4 Shore Things: October 25 – November 27

 

Race time

Support the Great Bay Estuary by running in the The Wicked-Fast Great Bay 5K on Saturday, Oct. 27, starting at 9 a.m. at Stratham Hill Park (157 Portsmouth Ave., Stratham). There will also be a “competitive walker” division, a kids’ fun run, and age group awards and costume contests for the 5K and fun run. Visit greatbay5k.org. Enjoy a brisk run at the Trick or Trot 5K Race and Fun Run on Sunday, Oct. 28, starting at 9 a.m. at the Dover playing fields (1 Shaws Lane, Dover). Cash prizes and medals will be awarded to the top three female and male finishers. Search for “Trick or Trot 5K & Kids Fun Run” on Facebook. Try to qualify for the Boston Marathon with the Loco Half & Full Marathon on Sunday, Oct. 28, at 8 a.m. at Rockingham Ballroom (22 Ash Swamp Road, Newmarket). Visit locomarathon.com. And support veterans and their families with the Dan Healy Memorial 5K on Sunday, Nov. 4, at 11 a.m. starting at the Daniel R. Healy Outdoor Pool (4 Hampton Road, Exeter). Proceeds will benefit the Dan Healy Memorial Foundation. Search for “Dan Healy Memorial 5K” on Facebook.

 

Best eats

The Hampton Area Chamber of Commerce hosts the eighth annual Best of TASTE Bash on Friday, Nov. 2, at the Hampton Beach Casino Ballroom, from 7 to 9:30 p.m. Enjoy food from 50 restaurants, paired with wines, craft beers and cocktails. The cost is $79 per person.

 

Digital drawing

Attend a free drawing workshop lead by artist Emily Kalina at the Lane Memorial Library in Hampton.
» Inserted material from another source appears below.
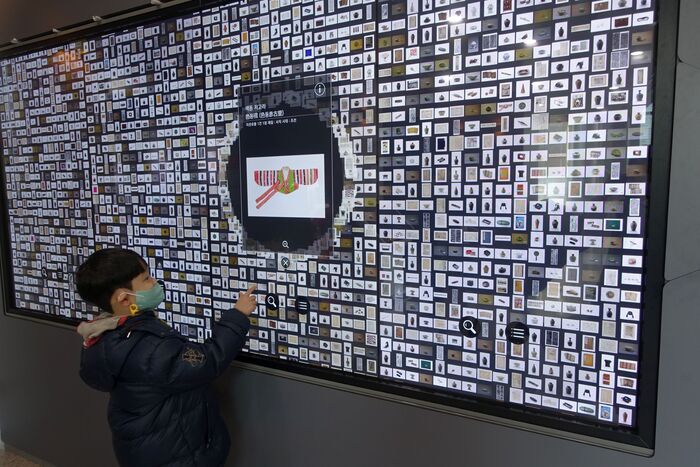 한 어린이가 인터렉티브 스마트 미디어월 아카이브를 체험하고 있다.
Procreate is a powerful and intuitive digital illustration app available for iPad. Emily will be demonstrating basic techniques, the app interface and gestures. Registration required. Contact the library at 926-3368.

 

NH Open Doors

Attend local vendors participating in NH Open Doors on Saturday, Nov. 3, and Sunday, Nov. 5. Visitors can connect with artists, craftsmen and business owners around the state at their studios and businesses; participants will offer tours, demos, refreshments, and beautiful art, craft, food, wine and more for sale. Participating businesses, artists and craftsmen in the Seacoast include:

Art Up Front Street in Exeter

Barbara Smith McLaughlin in Stratham

Bruce Jones Studio in Exeter

Enna Chocolate – Bean to Bar Chocolate Factory in Epping

Herlihedrons in Rye

Lori Martone Pottery in Exeter

Waterstone Art Studio in Stratham

Andrew’s Adventure: Haunted Overload

Where I went: I traveled a couple miles inland to Lee to enjoy Haunted Overload at DeMeritt Hill Farm, 20 Orchard Way, Lee (hauntedoverload.com).

What it is: Haunted Overload is an ever-growing horror tour that takes over DeMeritt Hill Farm every October in an attempt to scare and entertain as many guest as possible in its few short weeks of operation. Twice voted as being one of the top 13 haunted attractions in the country, it brings thrill seekers and horror enthusiasts from all around New England and the country to this otherwise small corner of the state just a couple of miles down the road from the main campus of the University of New Hampshire.

There are three levels of fear to choose from while spending the day at the farm. The Day Walk allows guests to wander the path without the actors or sounds set to scare and is available Friday, Saturday and Sunday from 10 a.m. to 3 p.m. for $6. The second tier of terror is their Friday Night Lite exhibit, which sees that the sights and sounds are up to par, but the actors and monsters are taking the day off. The remaining date for the Friday Night Lite selection is Monday, Oct. 29, from 7 to 8:30 p.m. and will cost $14. These two options allow for those who are more faint of heart to stop by and enjoy the amazing craftsmanship of the exhibit without the scares. The third level is the award-winning, full-blown Haunted Overload display with sights, sounds and monsters lurking around every corner, which will cost $26 per person.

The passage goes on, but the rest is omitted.